Free education must be secured now and in the future!

Blog: The Day for Free Education 16 October
Graphic, where pictures and stickers are glued to a notebook page. A cut-out photo of Heidi holding out her hands. Above one hand is a sticker of a lightbulb, and above the other, a group of students.

Today on 16 October, we celebrate the Day for Free Education. In this day and age, it’s important to recognize the importance of free education and why we must secure its future in Finland. This topic is especially important now, as the government has decided to decrease core funding for higher education institutions and provide the right to obtain a degree in open higher education. Last spring, VYY published a comment where it considers these policies a serious threat to the future of free education in Finland.

Education is a path we take to find our place in the world. It enables us to explore topics we find meaningful. Our journey on this path begins in primary school and leads us to higher education and for as far as our curiosity and willingness to learn takes us. In Finland, everyone must have the right and opportunity to educate themselves as they wish. Free education is an essential element in securing equal opportunities for everyone to create their own study paths.

Although free higher education secures students’ livelihood, it also carries other important tasks. Free higher education ensures that access to education applies to everyone, not just those with extra funds or skills to secure their study place. Section 16 of the Constitution of Finland says that the public authorities shall guarantee equal opportunity to receive education, and that the freedom of science, the arts, and higher education is guaranteed. How else could we ensure this, except with free higher education? That’s right, we couldn’t.

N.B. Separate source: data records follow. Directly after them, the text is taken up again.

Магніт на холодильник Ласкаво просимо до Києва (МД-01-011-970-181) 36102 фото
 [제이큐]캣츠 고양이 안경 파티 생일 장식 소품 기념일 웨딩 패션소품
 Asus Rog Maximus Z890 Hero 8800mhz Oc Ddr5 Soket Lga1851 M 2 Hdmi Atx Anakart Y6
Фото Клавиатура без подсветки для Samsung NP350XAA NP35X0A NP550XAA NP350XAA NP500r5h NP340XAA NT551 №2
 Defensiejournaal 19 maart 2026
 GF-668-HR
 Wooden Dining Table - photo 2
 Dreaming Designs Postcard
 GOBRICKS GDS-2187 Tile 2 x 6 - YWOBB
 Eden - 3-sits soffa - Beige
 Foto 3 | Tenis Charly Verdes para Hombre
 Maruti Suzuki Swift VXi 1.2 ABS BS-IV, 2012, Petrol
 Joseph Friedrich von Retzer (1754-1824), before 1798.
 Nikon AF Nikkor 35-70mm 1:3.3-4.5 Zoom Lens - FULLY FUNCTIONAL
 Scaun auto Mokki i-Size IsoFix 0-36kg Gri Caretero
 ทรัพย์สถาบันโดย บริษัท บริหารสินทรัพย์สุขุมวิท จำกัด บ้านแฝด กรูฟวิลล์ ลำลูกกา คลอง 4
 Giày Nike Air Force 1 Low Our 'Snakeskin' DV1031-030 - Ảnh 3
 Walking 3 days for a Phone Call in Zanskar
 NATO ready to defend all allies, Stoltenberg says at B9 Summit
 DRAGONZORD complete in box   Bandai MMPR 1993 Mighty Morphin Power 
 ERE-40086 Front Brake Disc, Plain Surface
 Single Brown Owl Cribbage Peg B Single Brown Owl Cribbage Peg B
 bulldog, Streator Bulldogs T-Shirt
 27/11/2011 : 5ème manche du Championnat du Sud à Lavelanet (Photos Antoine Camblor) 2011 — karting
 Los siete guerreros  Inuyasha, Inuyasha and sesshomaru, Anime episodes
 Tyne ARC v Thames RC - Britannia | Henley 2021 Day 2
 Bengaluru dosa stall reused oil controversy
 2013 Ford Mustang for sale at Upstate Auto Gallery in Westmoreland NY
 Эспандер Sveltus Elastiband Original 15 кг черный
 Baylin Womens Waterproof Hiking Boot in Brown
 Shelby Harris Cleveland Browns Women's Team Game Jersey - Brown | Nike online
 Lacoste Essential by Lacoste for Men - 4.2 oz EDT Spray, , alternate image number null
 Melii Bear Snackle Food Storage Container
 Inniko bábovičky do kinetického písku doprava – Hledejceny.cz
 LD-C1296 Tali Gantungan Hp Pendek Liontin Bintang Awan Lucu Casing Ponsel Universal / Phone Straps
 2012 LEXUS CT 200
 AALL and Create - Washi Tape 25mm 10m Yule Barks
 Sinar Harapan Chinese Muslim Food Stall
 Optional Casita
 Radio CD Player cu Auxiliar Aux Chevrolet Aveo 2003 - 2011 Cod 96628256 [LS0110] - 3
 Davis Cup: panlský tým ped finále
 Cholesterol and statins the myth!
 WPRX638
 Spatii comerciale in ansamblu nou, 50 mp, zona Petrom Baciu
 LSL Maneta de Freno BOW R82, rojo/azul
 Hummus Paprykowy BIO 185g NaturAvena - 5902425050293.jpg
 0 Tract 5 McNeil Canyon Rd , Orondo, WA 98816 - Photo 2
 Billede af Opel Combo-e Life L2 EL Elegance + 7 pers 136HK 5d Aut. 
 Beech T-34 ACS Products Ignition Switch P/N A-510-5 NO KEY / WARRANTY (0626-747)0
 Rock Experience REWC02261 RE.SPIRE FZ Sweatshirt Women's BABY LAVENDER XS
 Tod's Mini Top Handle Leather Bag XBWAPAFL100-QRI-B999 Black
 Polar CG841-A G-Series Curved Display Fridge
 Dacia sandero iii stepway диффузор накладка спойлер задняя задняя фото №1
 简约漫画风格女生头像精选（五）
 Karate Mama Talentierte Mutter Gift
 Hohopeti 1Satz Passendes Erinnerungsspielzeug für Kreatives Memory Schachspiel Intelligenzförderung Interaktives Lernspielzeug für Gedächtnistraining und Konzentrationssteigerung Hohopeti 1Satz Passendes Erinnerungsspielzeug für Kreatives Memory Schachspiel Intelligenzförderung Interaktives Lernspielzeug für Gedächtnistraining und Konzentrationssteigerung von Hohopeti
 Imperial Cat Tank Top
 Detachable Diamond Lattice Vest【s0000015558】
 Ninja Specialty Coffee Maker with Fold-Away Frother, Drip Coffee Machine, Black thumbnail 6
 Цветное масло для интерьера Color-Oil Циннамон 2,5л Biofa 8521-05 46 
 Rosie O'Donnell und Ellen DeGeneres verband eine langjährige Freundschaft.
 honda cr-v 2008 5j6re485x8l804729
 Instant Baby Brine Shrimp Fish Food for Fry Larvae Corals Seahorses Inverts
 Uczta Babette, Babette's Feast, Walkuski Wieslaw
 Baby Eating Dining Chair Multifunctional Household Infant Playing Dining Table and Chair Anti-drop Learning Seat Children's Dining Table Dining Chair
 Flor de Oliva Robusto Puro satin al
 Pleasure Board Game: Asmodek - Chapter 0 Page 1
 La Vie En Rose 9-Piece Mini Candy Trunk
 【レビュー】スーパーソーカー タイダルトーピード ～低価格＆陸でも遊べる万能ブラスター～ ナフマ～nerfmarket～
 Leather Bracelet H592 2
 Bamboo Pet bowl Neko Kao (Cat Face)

Higher education creates research and diverse experts, and together they are the force that propels our society forward and helps us grow. The freedom and opportunity to specialize help us overcome obstacles and develop new innovations. Research and its home, the universities, are a powerful counterforce to regressive societal phenomena like inequality, polarization, misinformation, antiscience, social exclusion, and poverty. However, these issues can only be solved if the group of educated people is diverse and research free.

It has been said that development doesn’t happen, it is made. That can’t happen if spokes are put in the wheels of progress by threatening the prerequisite for growth. That is, free higher education.

Today, let’s take a moment to appreciate our opportunity to receive a free education and to understand its importance in creating our future. We can’t allow ourselves to be lulled into apathy by this current convenience. We must uphold it with active dialogue and advocacy.